HYPE Tertekan Meski Volume RWA Meroket: Ada Apa di Balik Kinerja Kuat Hyperliquid?

Amalia Citra

Amalia Citra

HYPE Tertekan Meski Revenue Hyperliquid Kuat dan Volume RWA Melonjak

Poros Informasi – 07 Agustus 2026 | Di tengah lonjakan signifikan pada volume perdagangan aset dunia nyata (RWA) dan kinerja kuartal yang mengesankan, harga token Hyperliquid (HYPE) justru menunjukkan tren pelemahan. Fenomena ini menimbulkan pertanyaan di kalangan investor mengenai faktor-faktor yang menekan pergerakan harga HYPE, meskipun fundamental protokol terpantau solid.

Kinerja Protokol yang Menggiurkan

Data terbaru menunjukkan bahwa Hyperliquid mencatatkan kinerja kuartal II yang patut diacungi jempol. Platform ini berhasil meningkatkan revenue protokol secara substansial, didorong oleh pertumbuhan pesat pada produk real-world assets (RWA) dan aktivitas burn token yang aktif. Volume perdagangan, khususnya pada segmen RWA perpetuals, mengalami lonjakan dramatis.

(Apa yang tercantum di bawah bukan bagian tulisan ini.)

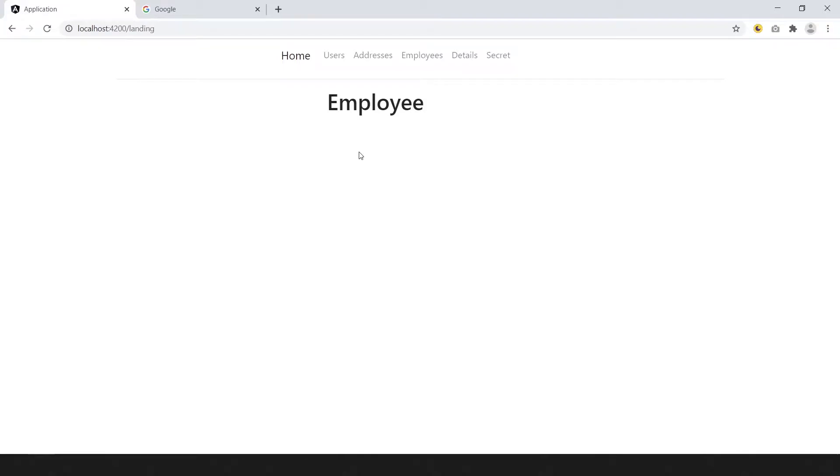Hello, welcome to web concept. In this video we learn how to implement skeleton loader or ghost element. Let's begin.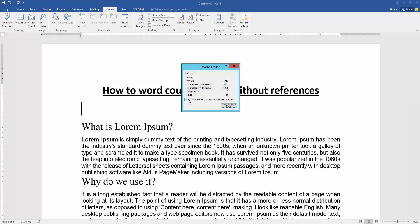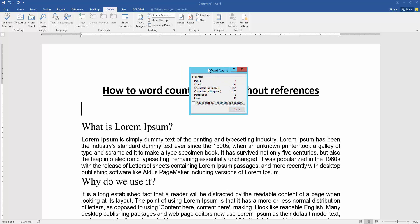Then check mark the include textboxes, footnotes and endnotes, and we can see here the word count very easily. Here: page 1, words 212, characters with space, with no space, paragraphs, lines, all everything.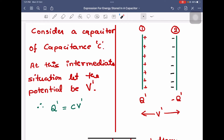Hello dear students. In this session we will derive an expression for energy stored in a capacitor, which is very important for board examination as well as NEET and CET. We will consider a capacitor of capacitance C. In the process of charging, initially the charge in the capacitor will be zero, and finally the charge will be Q.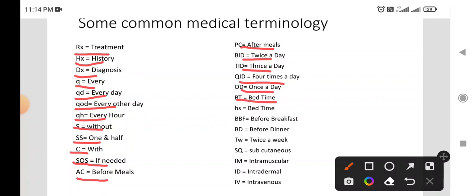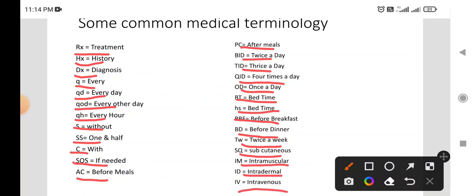Bt: Bedtime. Hs: Bedtime. Bbf: Before Breakfast. Bd: Before Dinner. TW: Twice A Week. SQ: Subcutaneous. IM: Intramuscular. ID: Intradermal. IV: Intravenous.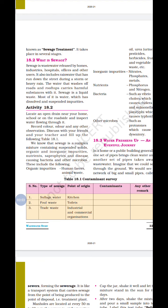Due to heavy rain or storms, some rainwater runs down the street and is also included in sewage water. The water that washes off roads and rooftops carries harmful substances with it. Sewage is a liquid waste — most of it is water which has dissolved and suspended impurities. The sources of sewage are homes, industries, hospitals, and offices.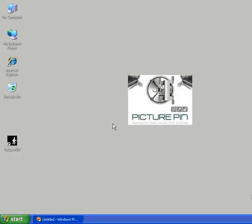Welcome to PicturePin, passwords made simple with pictures. In this session we're going to learn how to change PicturePin's picture, so your user entry point.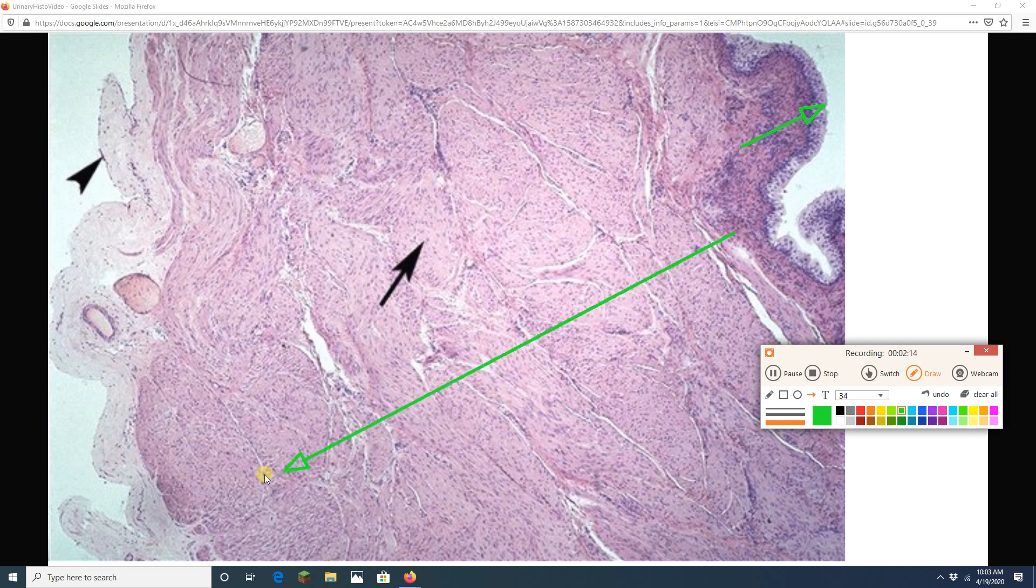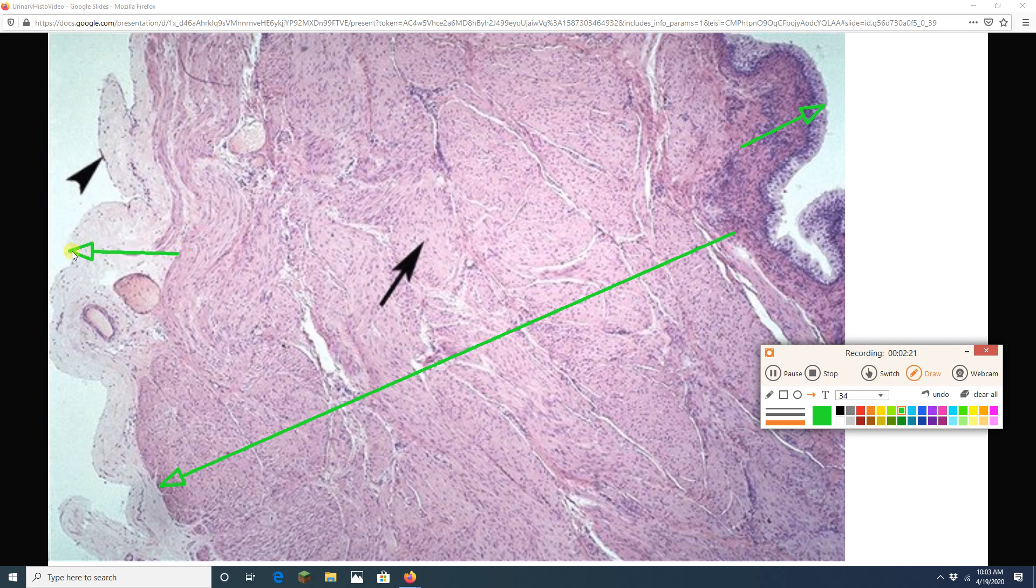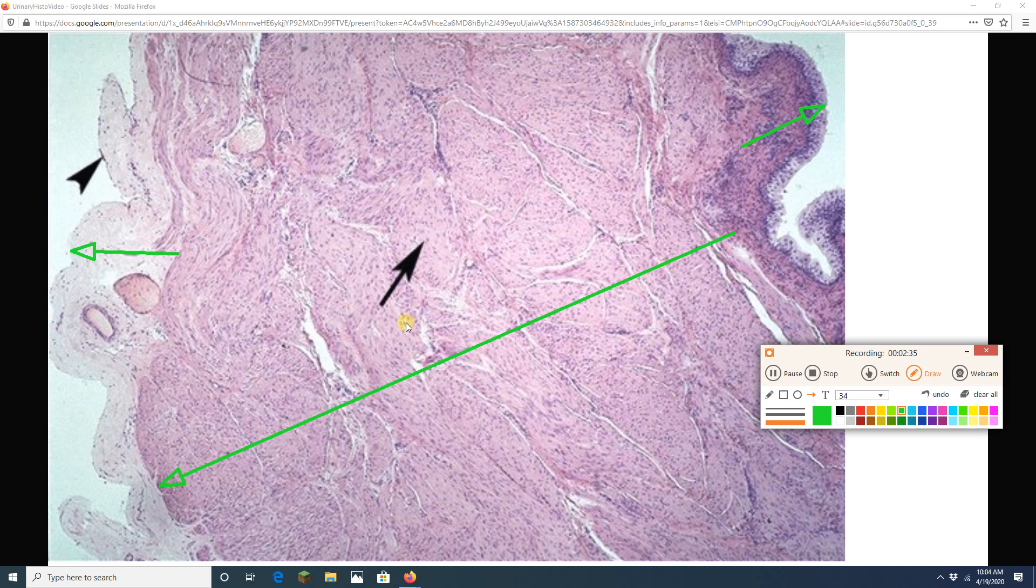Then there is going to be a muscularis externa, so a smooth muscle layer. And then there is going to be an outer adventitia. So that last little green arrow there. So I got my mucosa layer, I got my muscularis externa layer. And remember from the gross anatomy labs that the muscularis externa is also called the detrusor muscle because it detrudes or expels urine.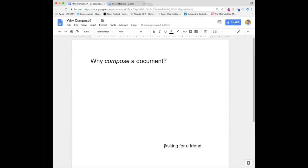Today we're going to talk about why compose a document. To start, I'd like you to think about a really long, complex document you've written and organized. Maybe it was a thesis or dissertation. Are you thinking about a really long document from your past? Great.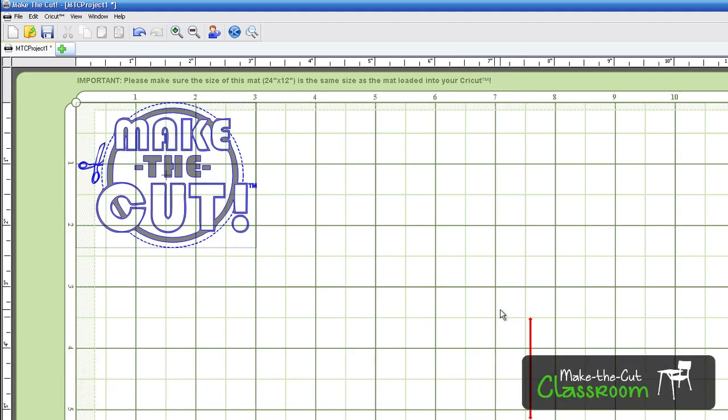All right, in this tutorial we're just going to make it real simple, real basic. We're going to show you how to select an object, move it, resize it, rotate it, and maybe do a little warping. So let's go ahead and get started.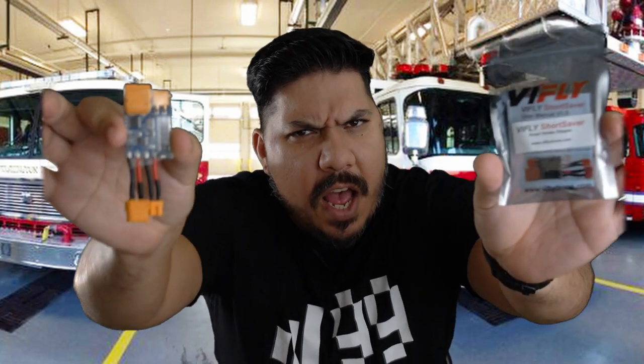Sean here guys and today we're talking about the Vi Fly Short Saver. This is a leapfrog product that catapults us past the traditional functionality of a smoke stopper. This takes it one further and adds some additional convenience features all for a really low $11 price point.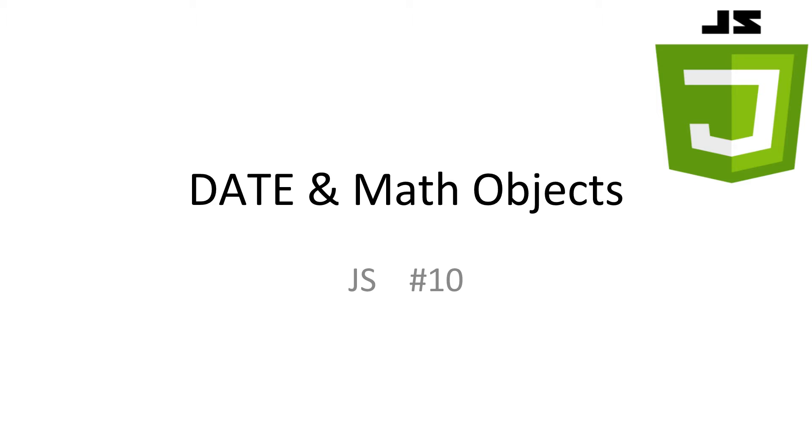In this video we'll be learning about using and manipulating dates with JavaScript as well as looking at some of JavaScript's more complex math functions. A large amount of this video will be looking at specific functions and what they do. Every video of all slideshows and code available in the description.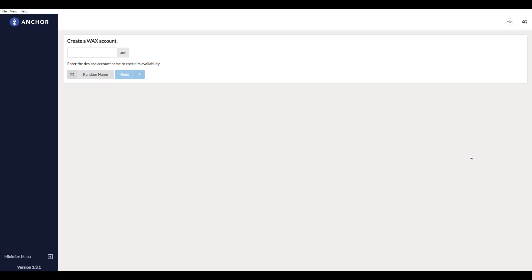So now that we're in Anchor, you can see it says create a WAX account. Enter the desired account name. So I'm going to say not mayor.gm is available.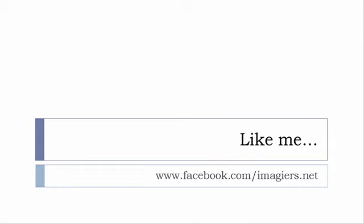And then last but not least, don't forget to like me on Facebook please, s'il vous plaît. So the address is quite simple: www.facebook.com/imagier.net. Thank you very much, merci beaucoup, au revoir.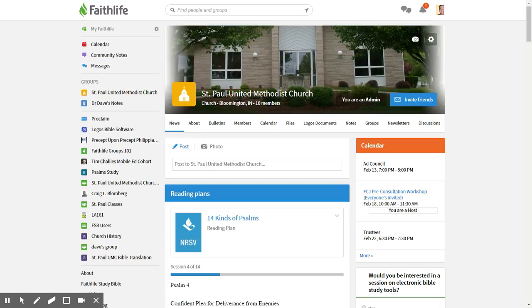Maybe some of you have heard me mention the Logos Bible software. I wanted to show you a little bit about that today. I'm not going to show you much about the software — I will show you how to get it for yourself for free.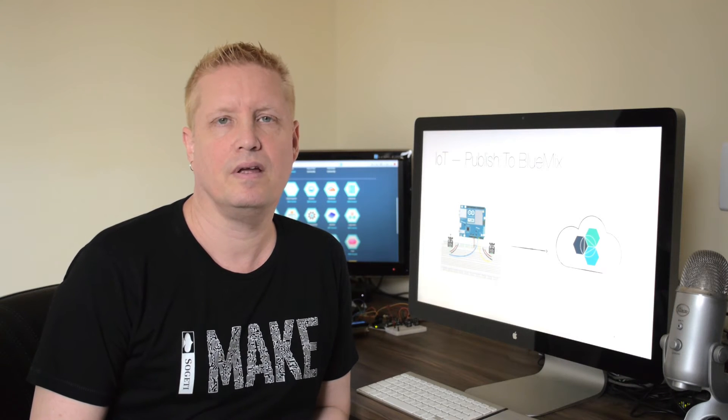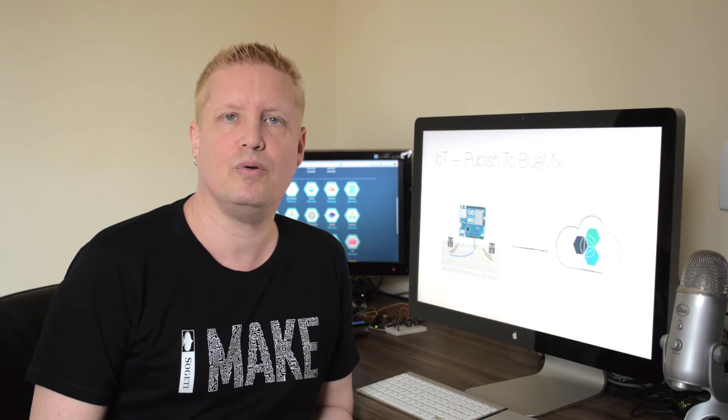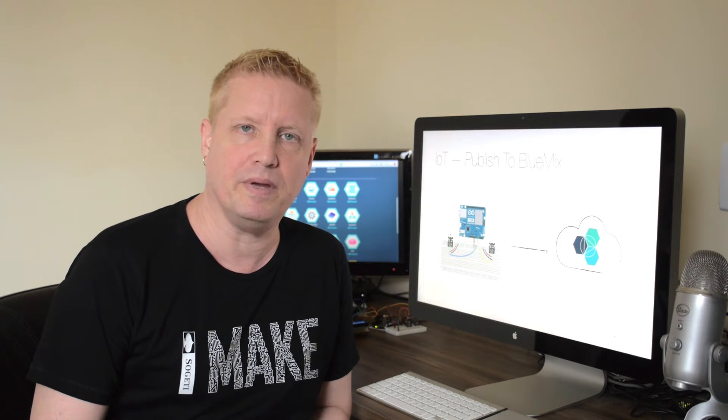Hi, this is Chris. Today I will show you how you can publish your sensor data in Bluemix in the IBM cloud. I will publish the information about the temperature and level of light in my room and then I will show you how to visualize that data in real time.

Menurut laporan, volume perdagangan perpetual contracts berbasis RWA yang terkait dengan HIP-3 kini menyumbang hampir sepertiga dari total volume perdagangan platform pada kuartal II. Angka ini melesat dari hanya 1,8% pada dua kuartal sebelumnya, menunjukkan minat investor yang terus meningkat terhadap produk derivatif berbasis aset dunia nyata di ekosistem Hyperliquid. Segmen RWA perpetuals sendiri mencatat volume perdagangan kuartalan sebesar US$213 miliar.

Selain itu, peluncuran tiga ETF HYPE pada kuartal tersebut turut menambah sentimen positif. Dana investasi dan treasury terkait kini memegang sekitar 7,7% dari total suplai HYPE. Periode pelaporan ini juga sempat menyaksikan HYPE melonjak 79% hingga mencapai rekor tertinggi di US$76,90, sebuah pencapaian impresif jika dibandingkan dengan penurunan 14% yang dialami Bitcoin pada periode yang sama.

Pendapatan dan Burn Token yang Solid

Dari sisi pendapatan, Hyperliquid melaporkan perolehan sekitar US$169 juta pada kuartal II. Menariknya, sebagian besar dari pendapatan tersebut, sekitar US$141 juta, dialokasikan untuk program buyback token. Data ini mengindikasikan aktivitas protokol yang masih sangat kuat, sekalipun harga HYPE mulai terkoreksi dari level tertingginya.

Lebih lanjut, data on-chain menunjukkan aktivitas burn token HYPE yang signifikan. Dalam 24 jam terakhir, sekitar US$1,28 juta nilai HYPE berhasil dibakar. Selama periode pelaporan yang sama, protokol menghasilkan biaya (fee) sekitar US$1,65 juta. Akumulasi burn ini menambah total HYPE yang telah dikeluarkan secara permanen dari peredaran menjadi 47,53 juta token, dengan nilai diperkirakan mencapai US$2,68 miliar. Jumlah ini setara dengan sekitar 4,75% dari total maksimum suplai HYPE yang berjumlah 1 miliar token.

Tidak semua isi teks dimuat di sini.